- What is expected
All entries below must be retyped exactly, though pictures are to be skipped.

[[ Data for processing open ]]

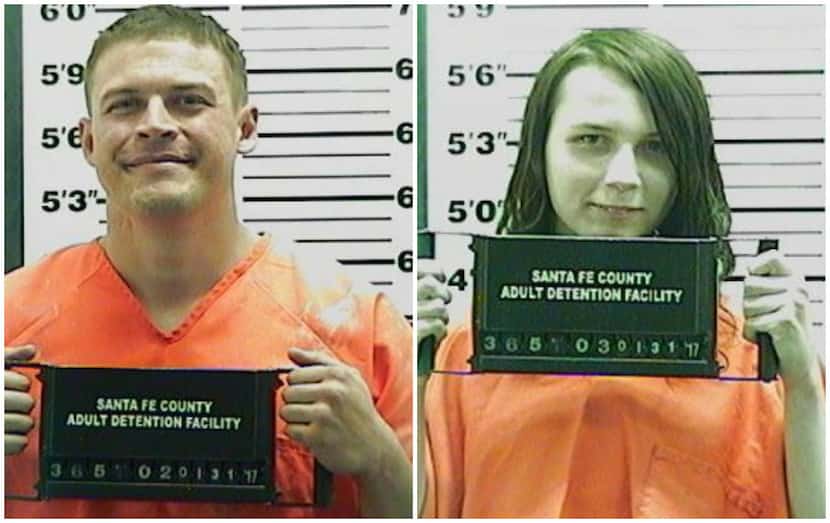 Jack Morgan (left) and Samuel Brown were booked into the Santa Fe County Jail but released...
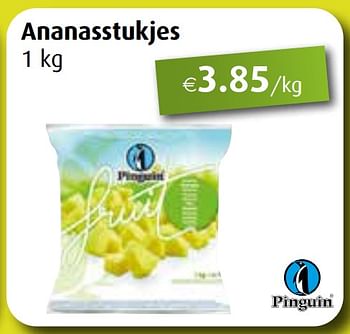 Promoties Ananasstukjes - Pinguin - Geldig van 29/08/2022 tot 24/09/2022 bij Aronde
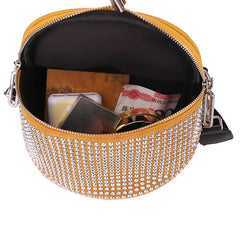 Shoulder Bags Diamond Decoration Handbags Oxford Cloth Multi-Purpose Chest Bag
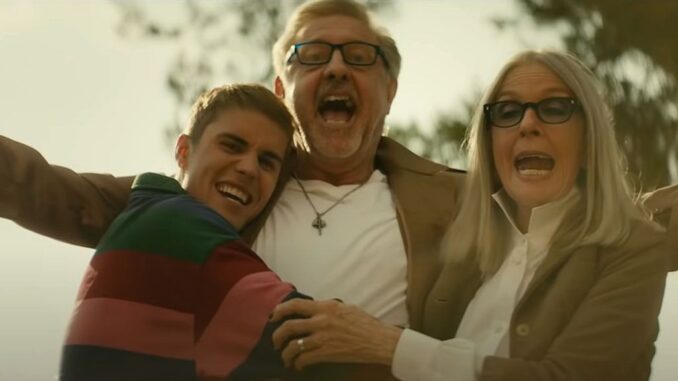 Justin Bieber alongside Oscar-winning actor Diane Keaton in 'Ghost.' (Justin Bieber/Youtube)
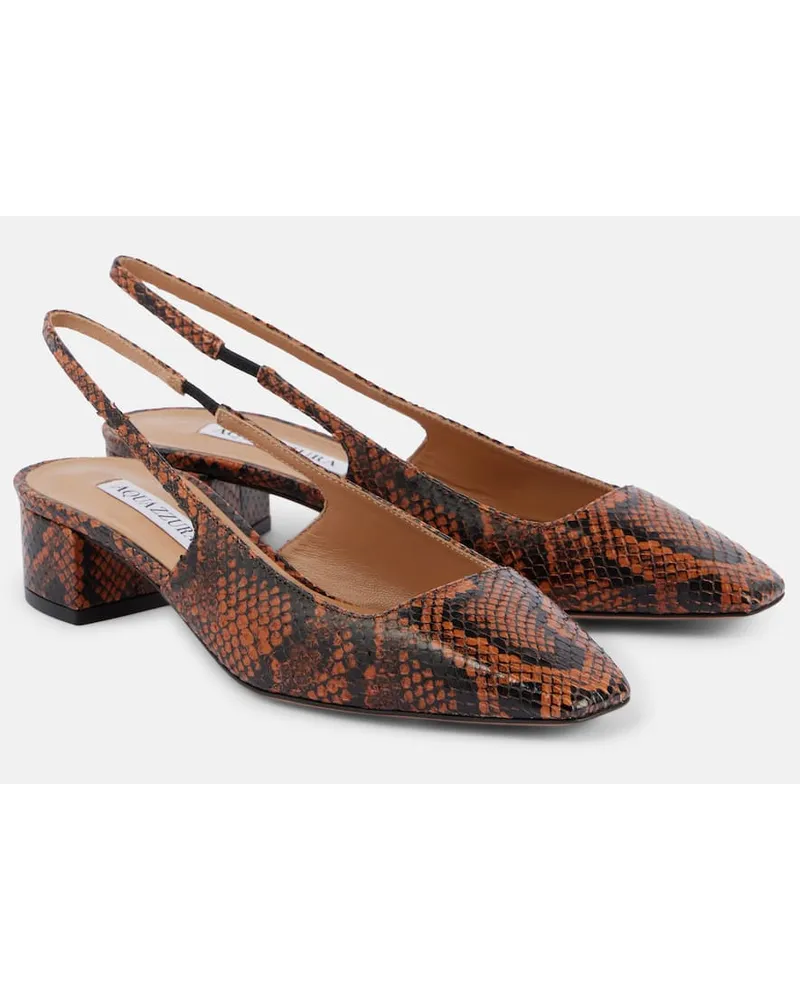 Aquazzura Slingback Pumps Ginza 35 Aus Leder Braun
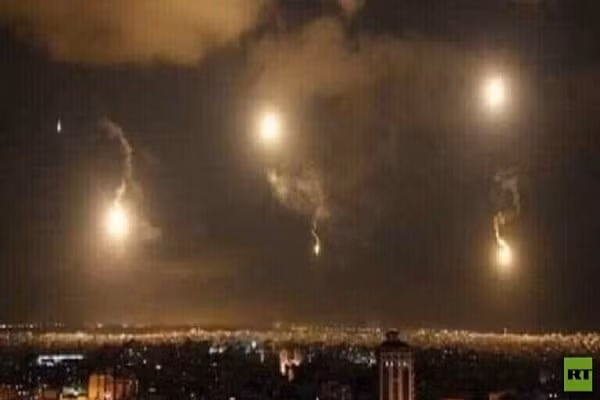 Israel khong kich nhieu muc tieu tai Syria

[[ Data for processing closed ]]

- Output for this exercise
 Jack Morgan (left) and Samuel Brown were booked into the Santa Fe County Jail but released...
 Promoties Ananasstukjes - Pinguin - Geldig van 29/08/2022 tot 24/09/2022 bij Aronde
 Shoulder Bags Diamond Decoration Handbags Oxford Cloth Multi-Purpose Chest Bag
 Justin Bieber alongside Oscar-winning actor Diane Keaton in 'Ghost.' (Justin Bieber/Youtube)
 Aquazzura Slingback Pumps Ginza 35 Aus Leder Braun
 Israel khong kich nhieu muc tieu tai Syria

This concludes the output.